Pulse radiolytic absorption transients have been observed in aqueous solutions between 200 and 300 nm using an 11-MeV Linac and an optical detection system that allowed accurate measurements (a) down to 200 nm and (b) 0.2 μsec after the electron pulse. With 10-3 M HClO4 + 0.027 M H2 (p(H2) = 35 atm) transients with second-order decay were observed which had amplitudes that decayed monotonically in the region from 200 to 240 nm. Assigning these transients to free H atoms, the molar decadic absorptivities ∈ at 200, 210, and 240 nm of H were found to be 900, 560, and 0 M-1 cm-1, respectively, and 2kH+H = (1.55 ± 0.10) × 1010 M-1 sec-1 from measurements at 200 and 210 nm. The transients could be completely quenched by addition of O2 resulting in a species with the absorption spectrum of HO2. Furthermore, the transient at 210 nm was not affected when HClO4 was left out of the H2-saturated solution and N2O (>2 × 10-3 M) was added instead.

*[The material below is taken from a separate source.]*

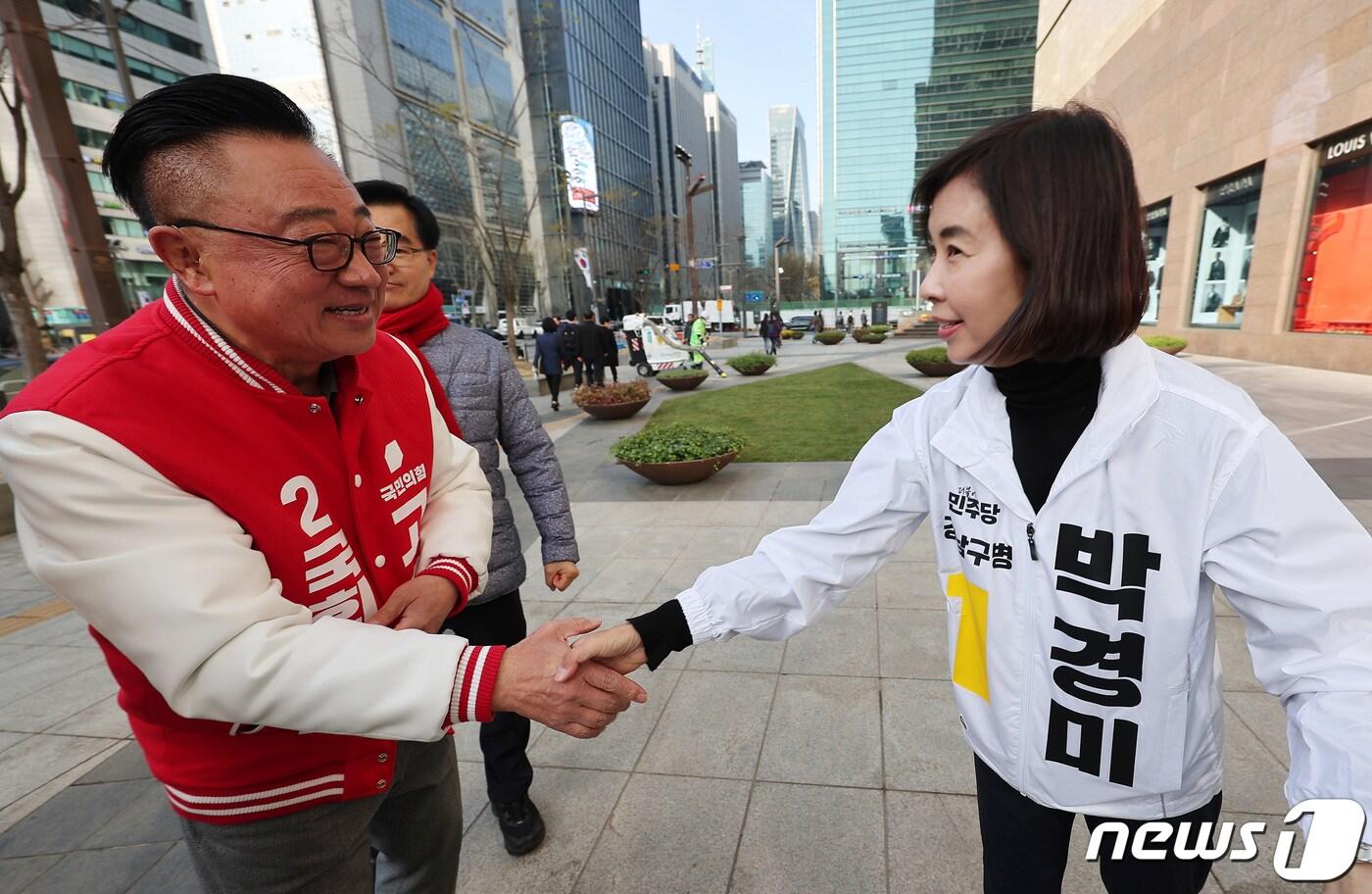 고동진 국민의힘 강남구병 후보(왼쪽)와 박경미 더불어민주당 강남구병 후보가 2일 오전 서울 강남구 코엑스 G20 광장에서 봄맞이 대청소를 마친 후 악수하고 있다. 2024.4.2/뉴스1 ⓒ News1 김성진 기자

The apparent OH transient in 2 × 10-3 M N2O (no H2) decayed according to second-order kinetics with a calculated rate constant that after correction for the reaction of H with OH was found to be (1.04 ± 0.10) × 1010 M-1 sec-1 independent of the wavelength used. The calculated ∈ for OH showed, after correction for the absorbance of H2O2, H, and OH-, one broad absorption maximum near 230 nm with ∈ 530 M-1 cm-1 and one below 200 nm. The measurements at 200 nm had to be corrected for a substantial contribution from OH- to the observed optical absorption. The calculated values of ∈H and ∈OH account quantitatively at all wavelengths used for the initial absorption of the transients in 10-3 M HClO4 (no H2) if it is assumed that H3O, if formed, decomposes to yield H + H2O after no longer than 0.2 μsec. The light absorption of aqueous solutions of H and to some extent of OH at 200 nm is attributed to a red shift of the water absorption continuum beginning at 186 nm, caused by a partial electron transfer from the first excited singlet state of water to a neighboring H or OH free radical in analogy with the optical transition associated with the β bands in alkali halide crystals.